Directions:
Leave out the pictures and repeat the data exactly.

(Items from a data source)

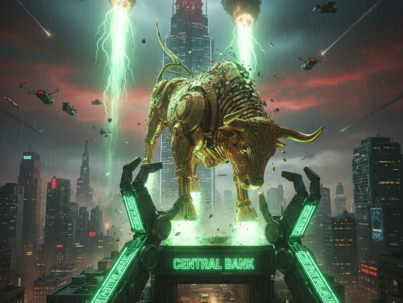 Generated Image March 27, 2026 - 1_08PM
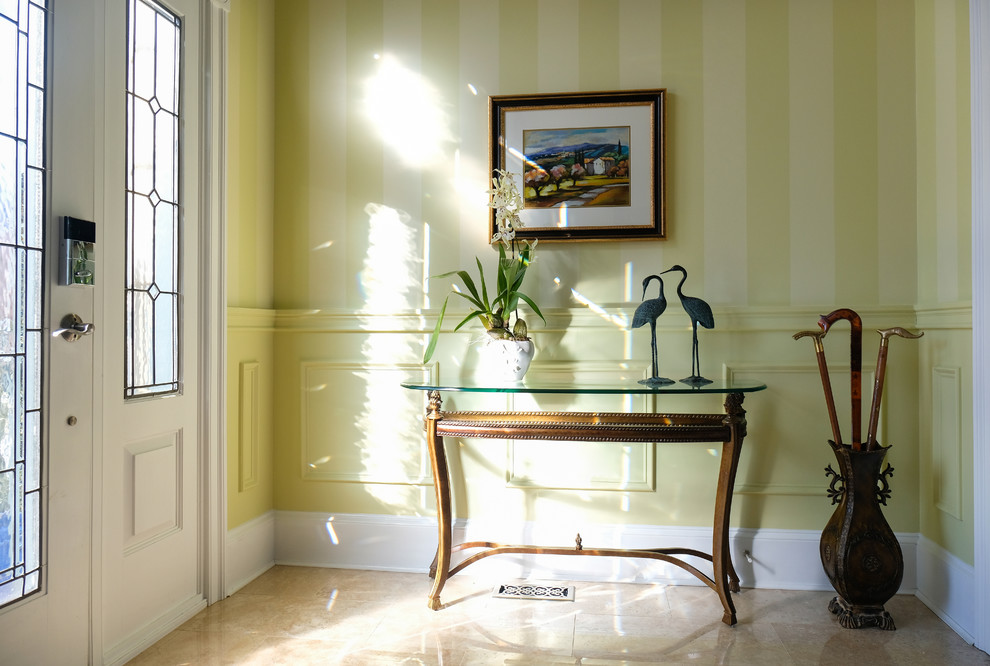 Дом в США, штат Washington DC.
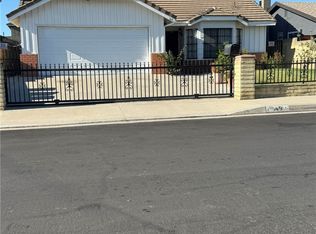 149 E 211th St, Carson, CA 90745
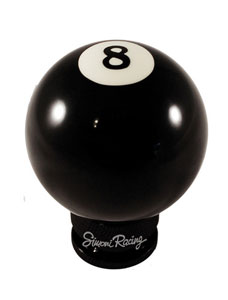 Pomello Cambio Simoni Billiard Design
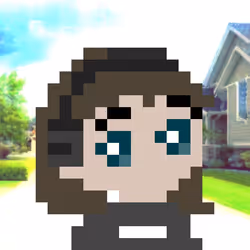 7011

Answer to this problem:
 Generated Image March 27, 2026 - 1_08PM
 Дом в США, штат Washington DC.
 149 E 211th St, Carson, CA 90745
 Pomello Cambio Simoni Billiard Design
 7011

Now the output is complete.